▸ What you are asked to do
Somewhere below, one line contains "New Standcase Wallet" and a later line contains "De overstroming en". Output those two lines and everything between them exactly, and nothing else.

▸ Data under study

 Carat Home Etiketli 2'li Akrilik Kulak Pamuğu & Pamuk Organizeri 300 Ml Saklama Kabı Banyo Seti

--

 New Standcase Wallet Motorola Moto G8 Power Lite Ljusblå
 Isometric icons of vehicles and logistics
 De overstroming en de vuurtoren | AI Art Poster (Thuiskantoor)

* * *

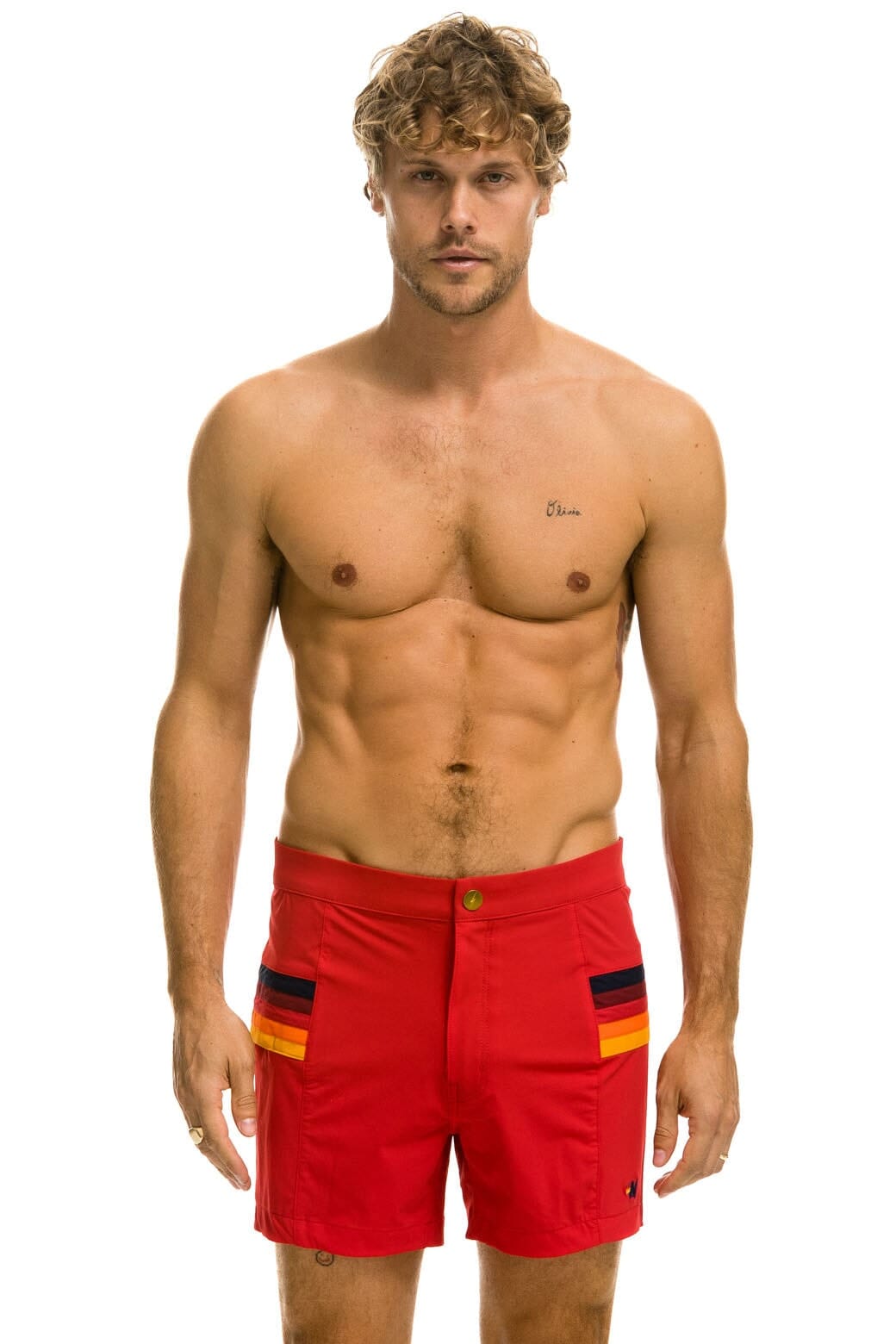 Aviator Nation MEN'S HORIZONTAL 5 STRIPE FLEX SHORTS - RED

▸ Reply
 New Standcase Wallet Motorola Moto G8 Power Lite Ljusblå
 Isometric icons of vehicles and logistics
 De overstroming en de vuurtoren | AI Art Poster (Thuiskantoor)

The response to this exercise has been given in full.